Mortgage Daily

Published On: December 8, 2015

Freddie Mac has continued its strategy of reducing its investment portfolio with the sale of more than $1 billion in distressed mortgages.

The secondary lender announced Tuesday that it successfully auctioned off
deeply delinquent non-performing residential loans on Friday.

Freddie
said that the loans, which are being serviced by Wells Fargo Bank, N.A., have been delinquent for an average of three years.

The McLean, Virginia-based company originally started marketing the loans on Nov. 9 in seven pools for $1.2 billion.
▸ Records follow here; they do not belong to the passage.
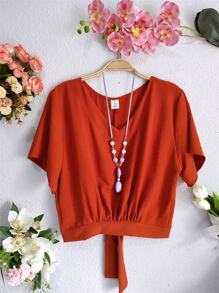 Women Tops - 紫紅色 - 查看 1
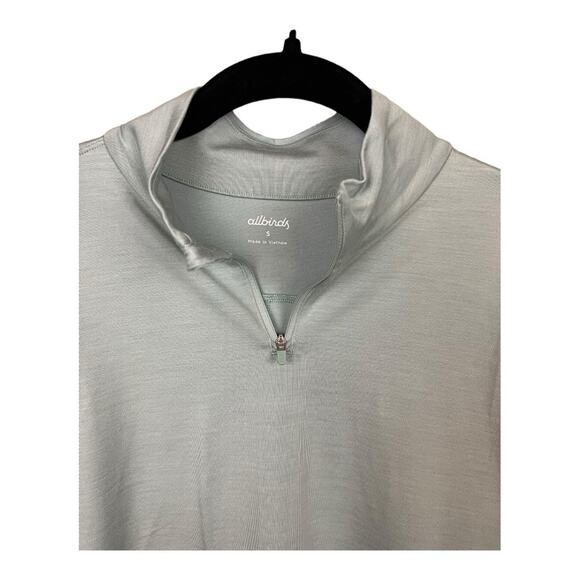 Allbirds Merino Wool Blend Natural Run Mid Layer Quarter Zip Pullover in Green - Picture 4 of 10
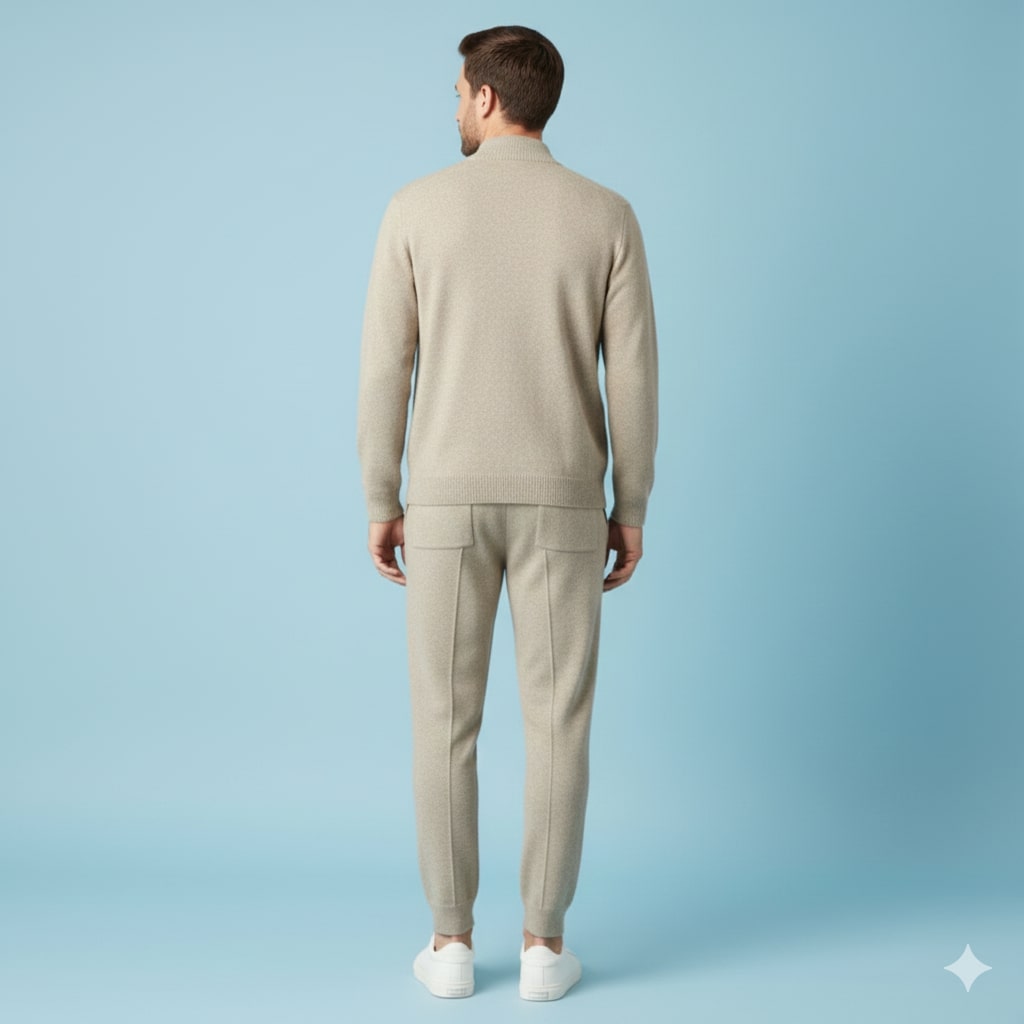 Camden Men’s Tracksuit – Soft Full-Zip Jacket & Tailored Lounge Pants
However, the sale consisted of just five pools for $1.1 billion.

The 5,311 mortgages have a weighted-average loan-to-value ratio of 91 percent based on broker price opinions.

Loans included in the sale are from Freddie’s investment portfolio, which stood at $356 billion as of Oct. 31.

The successful bidders in the sales were Pretium Mortgage Credit Partners I Loan Acquisition LP, which picked up three pools; Rushmore Loan Management Services LLC, which is buying one pool; and 21st Mortgage Corp., which is acquiring one pool.

“The transaction is expected to settle in February 2015, and servicing will be transferred post-settlement,” the announcement stated. “The sale is part of Freddie Mac’s Standard Pool Offerings.”